Cash is a very important resource. Plan your cash flow requirements carefully. Work out how much cash is needed to pay suppliers and business expenses each month.
Break even point
Look at whether the current sales receipts sufficient to cover your business outgoings. If your answer is no then you should consider preparing a break even analysis on your products and services to see the minimum sales you shall make each month to break even.
Sometime, It may be that you need to increase or decrease your selling price a little to achieve the volume of sales to meet your break even point. Other times, it may be that rescheduling more staff during peak times to serve your customers and reduce number of staff during non peak would do the trick.
Take care of your customer.
Offer your existing customers discounts and incentives to keep them happy. Retaining good customers are required effort and sincerity.
For new customers, carry out some creditworthiness check before granting generous credit terms and consider shorter credit terms or no credit at all.
There are many credit agencies out there like Experian, Credit Safe, Noddle and Equifax that you could use to perform credit check on your new customers before granting credit or give a loan.
This is to minimize the risk of your business unable to recover debt from your new customers. General rule of thumb is excellent credit rated customer has lower risk of unrecoverable debts.
Review your debtors
You must keep your customers ledger up to date in order to know the true figures owing from your customers. Make sure you call your customers to follow up on due and overdue payments and send reminders.
If there are signs of these customers facing cash flow problem, there are likely that these debts will turn bad and will eat up your profit or even give you a loss. To reduce these risks, offer installments plan and consider stop supplying in credit until their payments are up to date.
You may also consider charging interest on late payments. However, you must inform your customers of this clause existed in the sales contract. Also, on-going creditworthiness check is recommended.
Compare forecast versus actual trading result
It is always good to prepare a forecast for your business. Normally forecast is prepared on 12 months basis. Be realistic when preparing your forecast sales and expenditure. This forecast can serve as a performance target and also give you the overall picture of your business and tell you the safety margin.
Regular review of forecast versus actual trading results will help to highlight your business activities that require your attentions.
Keeping company accounts up-to date
It is important that you keep your accounting records up-to-date especially your cash in hands and your bank accounts. If you are using accounting software to maintain your company accounts this is even better for you as you can easily retrieve your profit and loss account and your balance sheet every month to see how your business is performing by press of a button.
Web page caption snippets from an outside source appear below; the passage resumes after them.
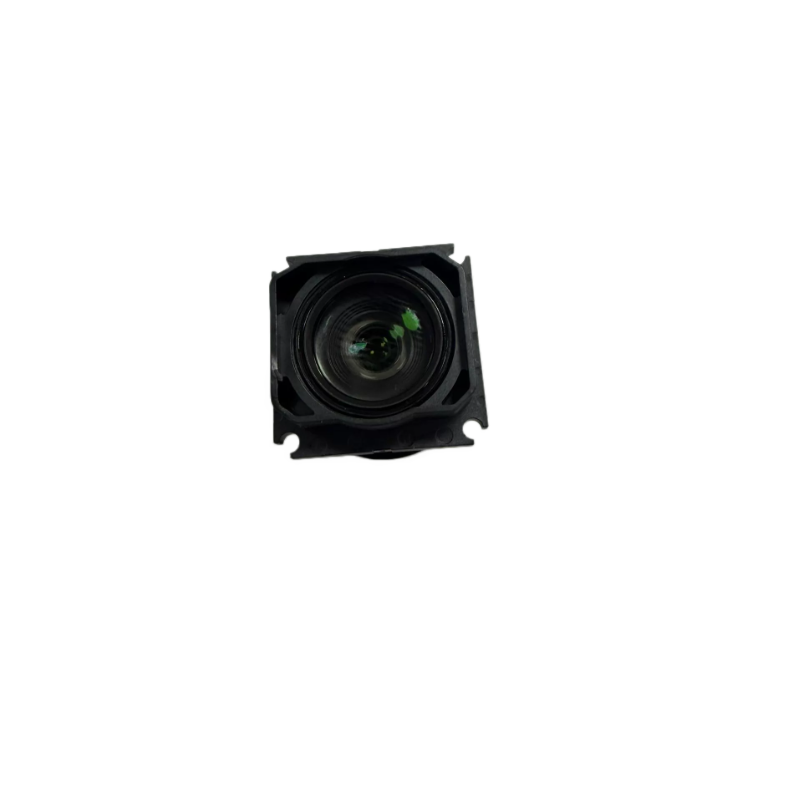 O4 Pro 카메라 렌즈(COMS 없음) O4 Pro  - Drone Camera Filter 리뷰 및 가격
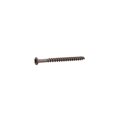 thumbnail image 1 of Tornillos exteriores Grip-Rite Nº 8 de alambre X 7,62 cm L Phillips, 1 of 2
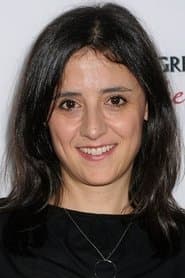 Belén Atienza Profilbild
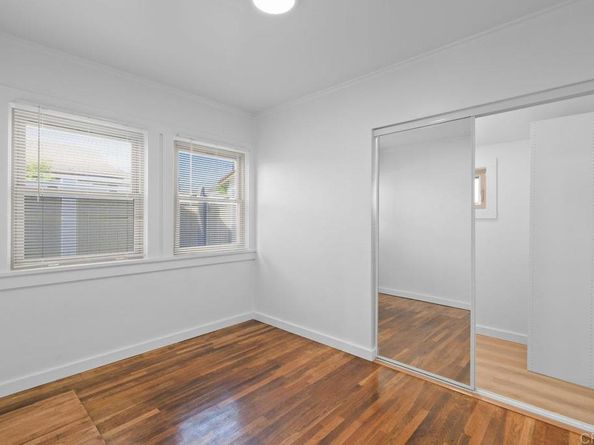 2503 2501 Sumac Dr, San Diego CA 92105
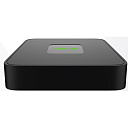 Видеорегистратор-IP TIANDY TC-R3110 Spec: I/B/L/Eu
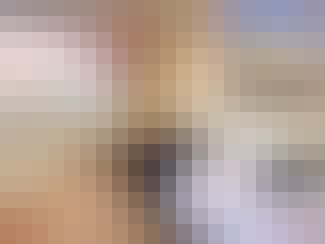 featured property main image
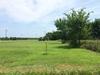 Mobile Home Lot for Sale: OK, KINTA - Land for sale., Kinta, OK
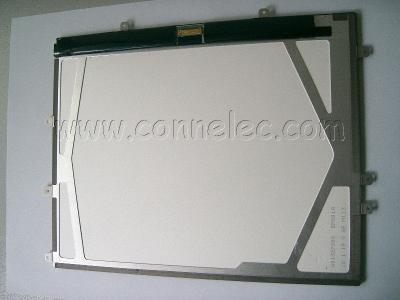 China LCD screen for Ipad 1, for Ipad 1 LCD screen, for Ipad 1 repair parts for sale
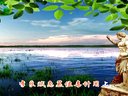 赣剧二进宫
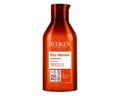 Produktbild: Redken Haarspülung Redken Frizz Dismiss Reno Conditioner 250ml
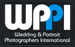 portrait photographer, new york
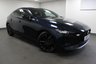 USED 2025 25 MAZDA MAZDA3 2.5 e-SKYACTIV-G MHEV Homura Euro 6 (s/s) 5dr ONE OWNER, FULL HISTORY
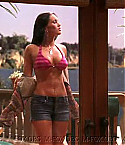 Filename=Megan_0170.jpg
Filesize=36KiB
Dimensions=608x336
Date added=Jul 07, 2008 Megan_0170.jpg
Control your business expenditure
Think about possibility of terminating service contracts that do not offer competitive advantage to your business. Consider asking your existing suppliers for discounts or incentives or even downgrade the services to basics plan to save up if possible.
Review the currents overheads for possibility of cut down.
Dispose of idle business assets
Think about disposing some of the unused or idle business assets such as vans, office furniture and computers to get some cash.
Do not hold stock in the warehouse
There is little use of holding on to large stock in the warehouse with the view that selling the stock now does not make you a good profit. Doing this will only tie up your cash in stock and eventually you have to pay your suppliers whether or not your stock is sold. Consider selling the stock at discounted price to generate some cash and also reduce the need to write off the stock due to obsolete.